The range runs from the line containing "思修论文我对理想信念的理解.docx_第2页" to the last line of the entries. Copy that range exactly, omitting pictures.

**Task data:**

-------------------------

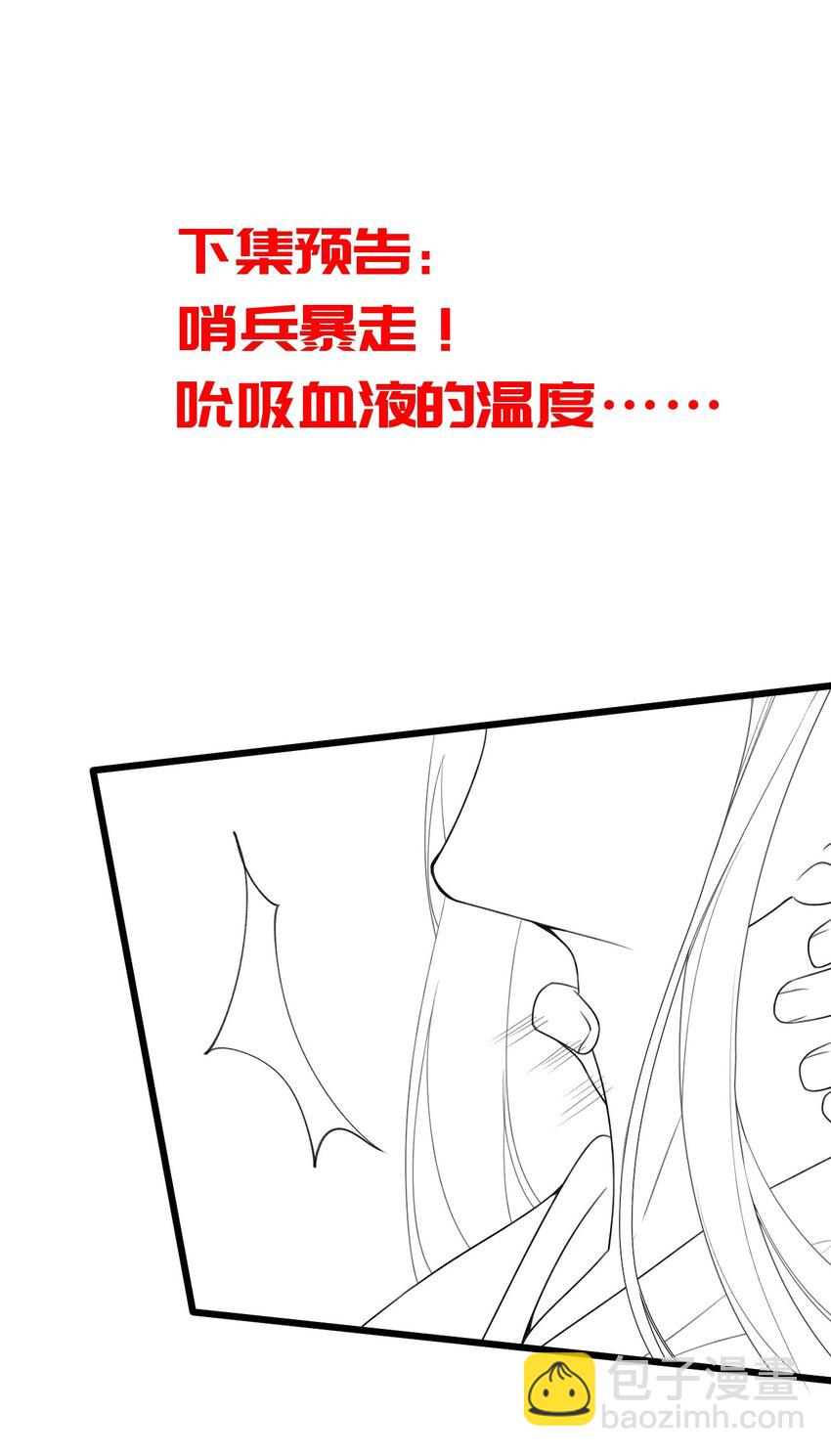 《虽然但是孤狼也可以拥有鸟子的爱》031 勇者陨落，鸟子雄起 第33页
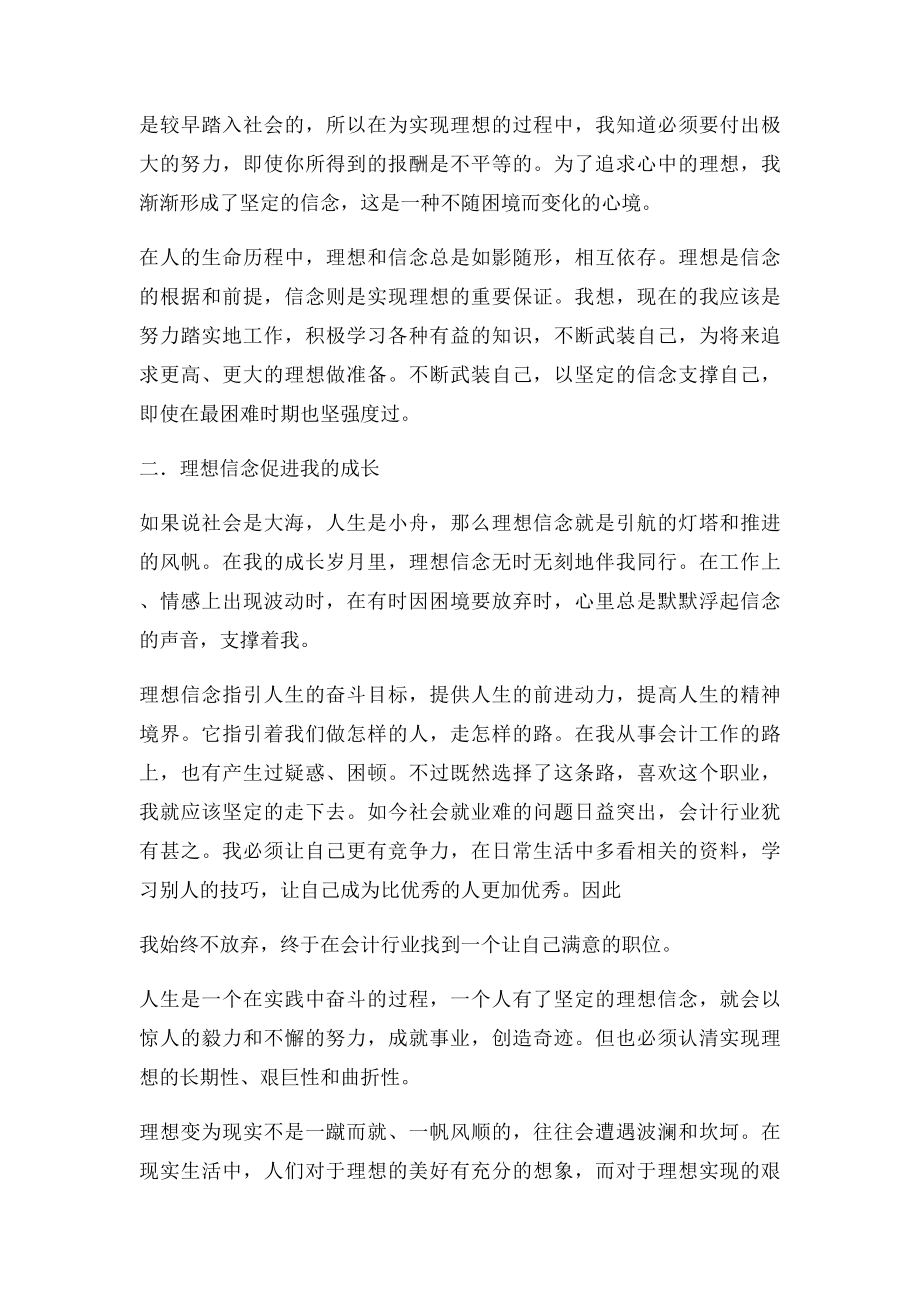 思修论文我对理想信念的理解.docx_第2页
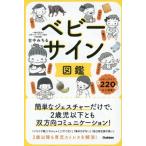  baby автограф иллюстрированная книга простой jes коричневый - только .,2 -годовалый ребенок и меньше .. интерактивный коммуникация!/. средний ...( автор )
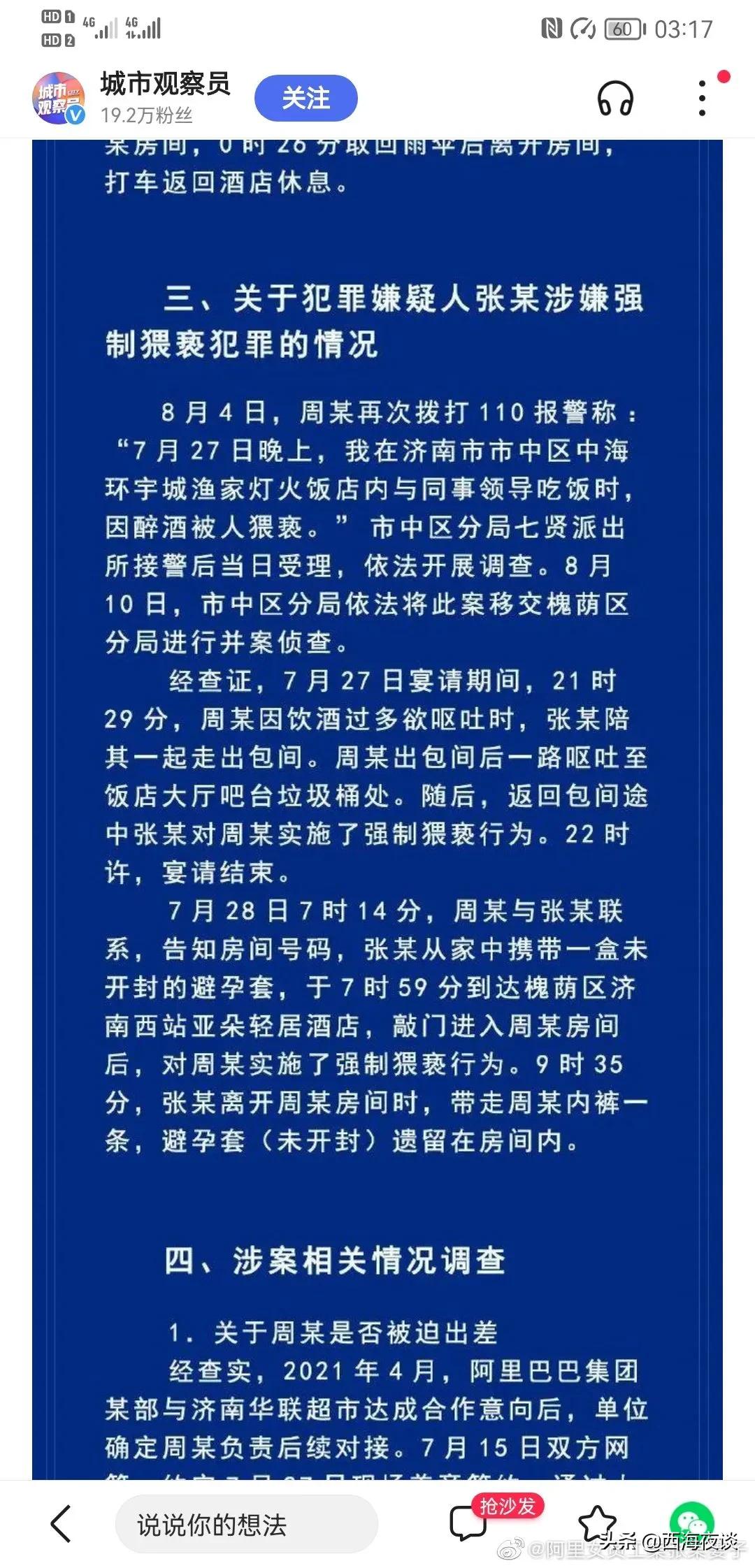 阿里女员工赢了去年这个官司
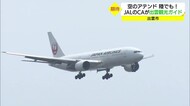 JALのCAが観光タクシーでガイドに おもてなしのプロが出雲を案内(島根・出雲市)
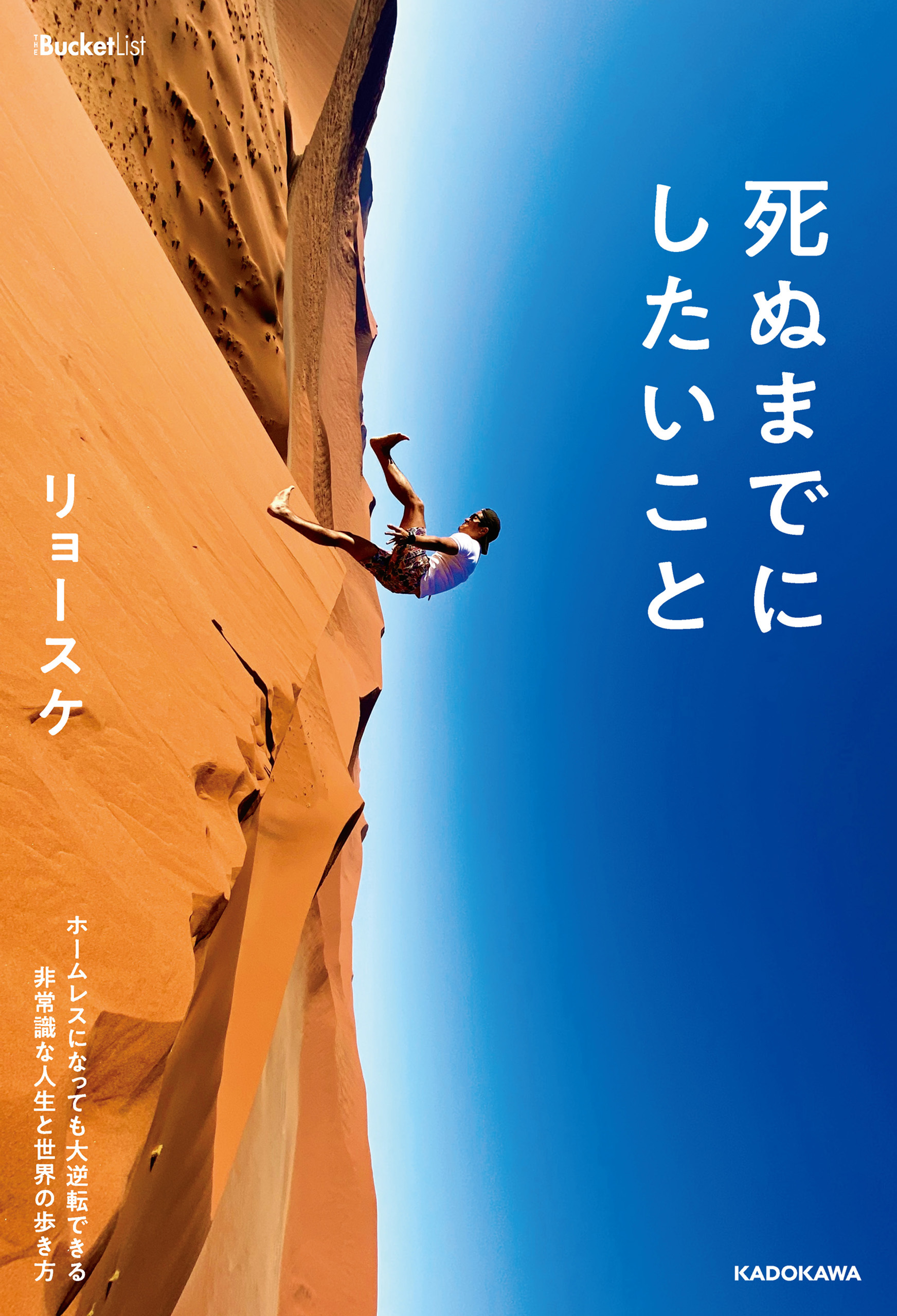 死ぬまでにしたいこと　ホームレスになっても大逆転できる 非常識な人生と世界の歩き方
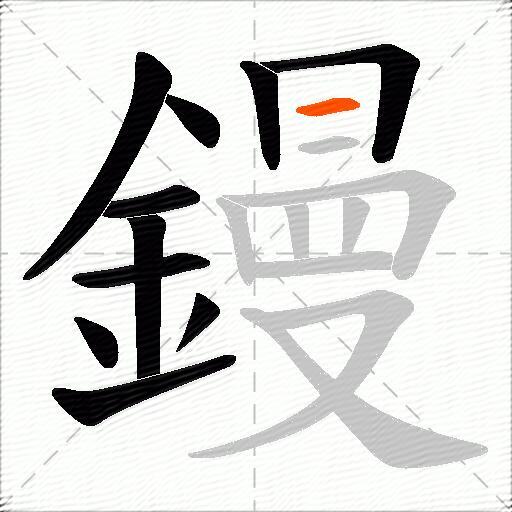 鏝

-------------------------

**Written solution:**
 思修论文我对理想信念的理解.docx_第2页
  baby автограф иллюстрированная книга простой jes коричневый - только .,2 -годовалый ребенок и меньше .. интерактивный коммуникация!/. средний ...( автор )
 阿里女员工赢了去年这个官司
 JALのCAが観光タクシーでガイドに おもてなしのプロが出雲を案内(島根・出雲市)
 死ぬまでにしたいこと　ホームレスになっても大逆転できる 非常識な人生と世界の歩き方
 鏝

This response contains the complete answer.